Monica Vitti in Ti Ho Sposato Per Allegria 1967
Breakups happen every single day of every year. Somewhere in the world, someone is breaking up with someone else. It is one of the most universal, stressful events that almost every human being has to go through at some point in our lives.
Whether you are the one breaking up with your partner or the one who is being broken up with, it is a difficult experience, and the transition to singledom can be very rough. You’ve invested your time, energy, and emotional resources into this relationship. You’ve gotten used to their presence in your life and you’ve integrated them with family, friends, and colleagues. After a breakup, you have to learn to do this very awkward thing of simultaneously trying to get used to life without them but still having to talk about this person (because people in your social circle will ask questions). And, if you’ve hung your hopes on this relationship being “the one,” then you are also dealing with a tremendous amount of grief and loss of what could have been.
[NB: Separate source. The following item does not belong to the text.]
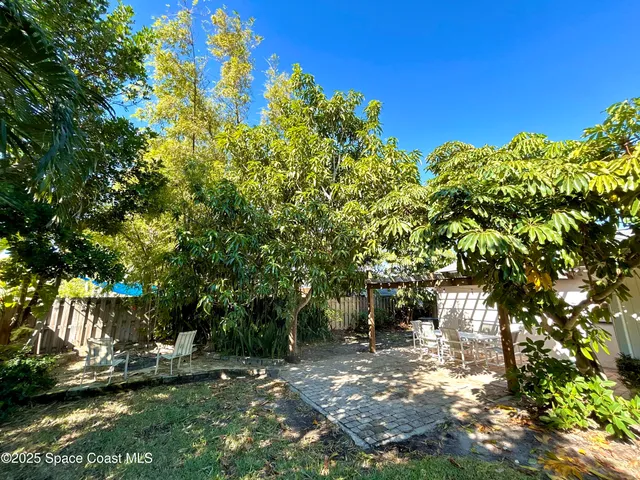 a view of a yard with plants and large trees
Given these challenges, what are some of the healthiest ways you can heal from a breakup? Check out my tips below.
Tip 1: Allow yourself to feel your emotions
Expect that emotions will come, both positive and negative. They may appear at the most inconvenient times, when you are at work, out with friends, or when you feel like you just turned a corner on dealing with the breakup. When they happen, don’t try to push them away, because then they will just come back with a vengeance later. Instead, remind yourself that emotions come and go, like waves in the ocean. Visualize yourself riding the waves and in control instead of being dragged under by the tow. Know that emotions are temporary, and that if you allow them just to be, they won’t hang around as long to pester you.
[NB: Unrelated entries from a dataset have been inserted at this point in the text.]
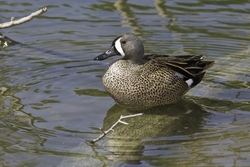Blue-winged Teal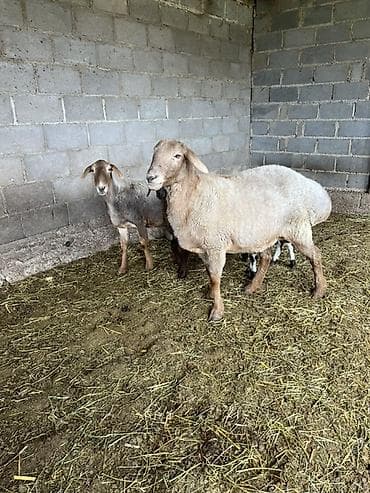 дратхаар бишкек: Сатам | Ургаачы кой (ургаачы) | Көбөйтүү үчүн | Ургаачы — 1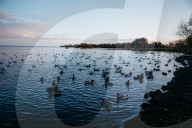 'Like the flip of a switch, it’s gone': has the ecosystem of the UK's largest lake collapsed?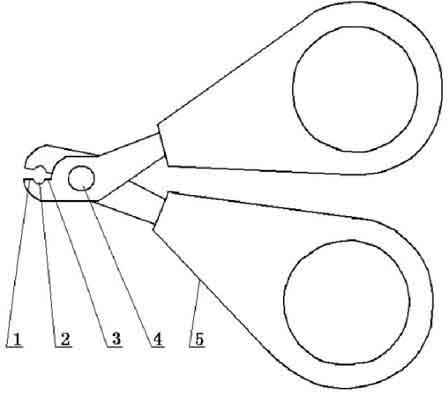 Scissors for removing stamen during peach blossom hybridization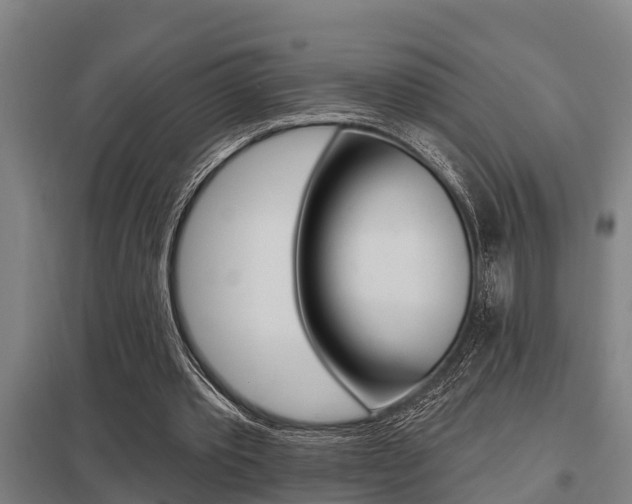 X0000098030389200803280736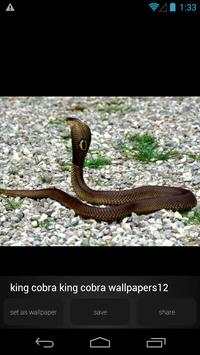 King Cobra Wallpapers Picture screenshot 5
Tip 2: Cut the reminiscing
It is natural after a breakup to start thinking of all of the great memories you’ve had together, or all of a sudden become focused on the positive qualities of your ex-partner. It is a normal process for human beings to reminisce about the past, and oftentimes, as we play back memories in our head, the picture becomes more and more rosy and you forget all of the reasons why you broke up in the first place! When you notice yourself starting to dreamily recollect the highlight reel of your relationship, direct your thoughts to something else. It is often helpful to interrupt your thoughts by engaging in an activity that requires some mental focus, like reading a short article or doing a work task. Or, get out and socialize with a friend or coworker to get your mind off things. Repeat this tip every time you notice your thoughts wandering to the good old days, and over time you’ll find that you reminisce less and less, and it will become easier to redirect your thinking.
Tip 3: Reframe the breakup as an opportunity
It may be hard to think of breakups as an opportunity, but they are. Whether it is an opportunity for you to rediscover your identity as an individual or whether the breakup gives you a chance to find a more compatible partner who can offer a more fulfilling relationship, there is opportunity in every breakup, no matter how much it hurts as first. Challenge yourself to write down at least three ways in which the breakup is an opportunity for growth, change, or meaningfulness in your life. It’s important to put pen to paper because it makes the ideas more concrete, and you can draw upon this when you start to feel discouraged or down instead of allowing your mind to talk yourself into why this breakup is not an opportunity for positivity after all. After you write these down on a piece of paper or sticky note, put it somewhere so you can reference it when you need (like in your wallet or purse).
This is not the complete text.